Cell Counting With A Hemocytometer

Thanks to Mad Dog and Lib I have a brand spanking new binocular compound microscope with a mechanical stage! One of the main things I will be using this for is doing accurate cell counts so I know what my pitching rate and viability is for every batch. I also scored two hemocytometers for about $25 and some methylene blue for staining and checking viability for another $12.

Even though my schooling is science lab heavy, I had yet to use a hemocytometer, so I used the tutorial here for a quick rundown on the calculations and protocols. A hemocytometer has two small wells (0.10mm deep each), along with a grid etched into the glass in which you count the cells. You count only a few squares, usually five, then take the average and then extrapolate the count to the size of your total volume (usually a starter for homebrewers, 1-2 liters). It will become more clear with my example.

Hemocytometer diagram

The picture to the right shows a diagram of the entire hemocytometer. For my sample I drew off a few milliliters of a fermenting beer. I swirled up the sample real well before every step to make sure the yeast was evenly distributed in solution (homogeneous). Next, I took 1 ml of the sample and diluted it with 10 ml of DI water. From this, I used a pipette to draw a small amount of the newly diluted sample and put the sample in the counting chamber. To do this, you must first cover the chambers with a cover slip, then place the pipette tip on the edge of the counting chamber. You don't even need to squeeze the sample in, or else the wells will overflow, it should go in easily through capillary action.

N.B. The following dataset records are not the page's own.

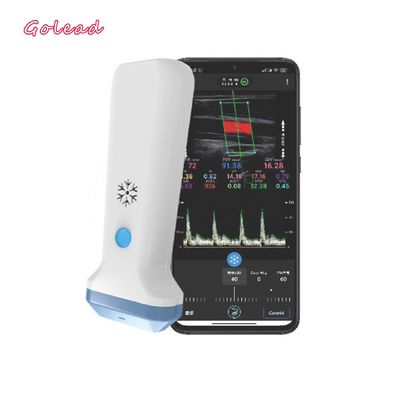 خرید اسکنر اولتراسوند نوع پروب بی سیم 12 مگاهرتز 3000 میلی آمپر ساعت برای آیفون online manufacture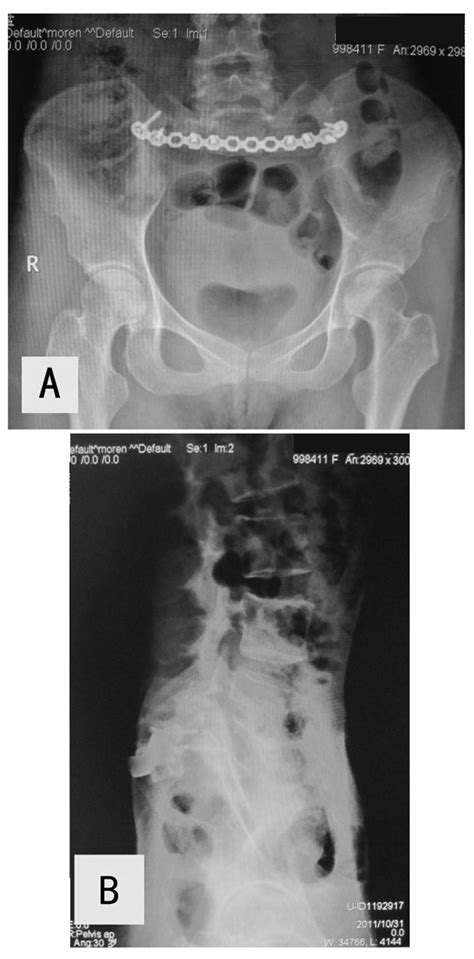 Plain X Ray Of The A Pelvic And B Sacroiliac Regions Six Months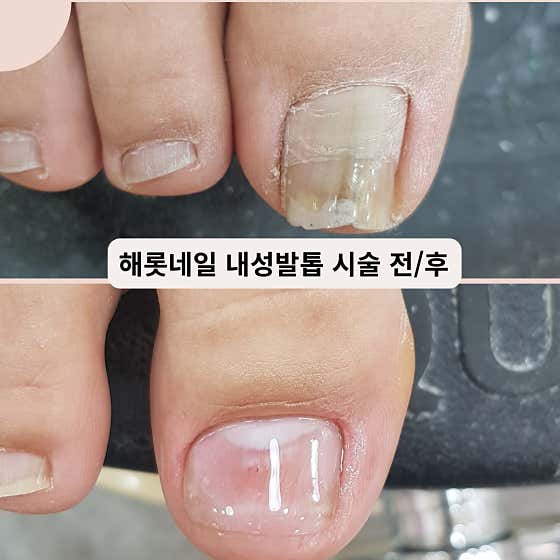 네이버 플레이스 해롯네일 발각질/내성발톱/교정/무좀 : 네이버
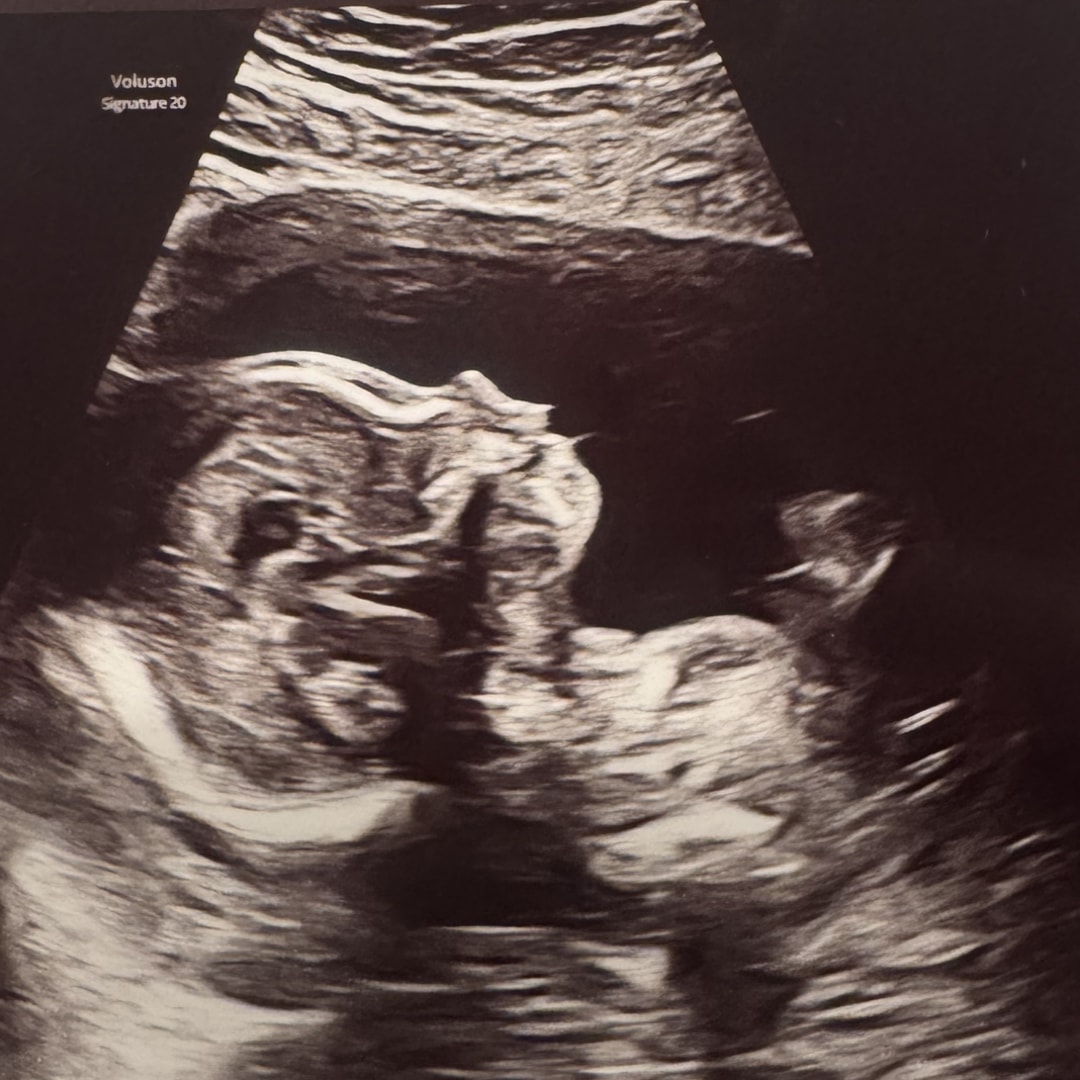 Photo shared by Cait for their Babylist baby registry.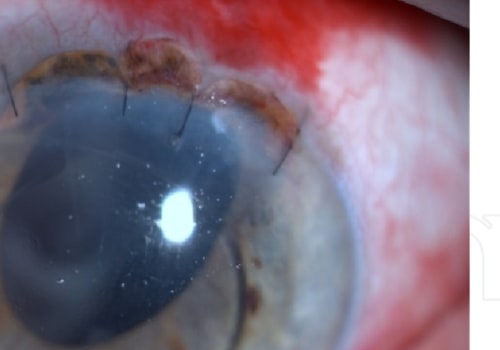 What Are the Complications of Cataract Surgery?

Below is an image of the hemocytometer grid. For yeast, you only need to use the large middle square out of the 9 large squares (since yeast a so small). Inside of the large middle square, you count 5 of the 25 smaller squares. I counted the corners and the very middle one, which is the norm.

Grid specifications

One thing to note is that cells on the border of each square are not always counted. The counter chooses two sides of the square to include in the count. For my count, I chose to not include cells that were on the right side and bottom borders of the square, and include those on the top and left borders. Also, those cells which are budding are usually only counted as one. I did read in Yeast, however, that brewers usually count a budding cell as two cells if the daughter cell is at least half the size of the mother.


After I finished counting the squares, I averaged my count per square, which ended up at 10 cells/square.

Next, I found the volume of a single square:

Volume = (W)(H)(D) = (0.25 mm)(0.25 mm)(0.10 mm) = 0.00625 mm³

Next, I found the dilution factor from diluting my sample:

Dilution Factor = (Final Volume)/(Sample Volume) = (10 ml)/(1 ml) = 10 Dilution Factor.

Next the cell density:

Cell Density = [(Average cells per square)(Dilution Factor)]/(Volume of square)
                   = [(10 cells)(10)]/(0.00625 mm³)
                   = 16,000 cells/mm³

The sample I drew was from 5 gallons of fermenting beer, which I thought I definitely under pitched in a rush from a top cropping to get an IPA done for a competition.

5 gallons = 19,000 ml.

There are 1,000 mm³  in 1 ml, so that yields (1.60 x 10^7 cells/ml)(19,000 ml) = 3.04 x 10^11

or 304 billion cells.

Note worthy is that my 1.060 OG IPA = 15 degrees plato needed 15 million cells/ml, and I had 16 million cells/ml, not bad for eye balling.

Below is my sample on the counting grid. This is exactly what you want; a sample evenly distributed across the grid, representative of the population.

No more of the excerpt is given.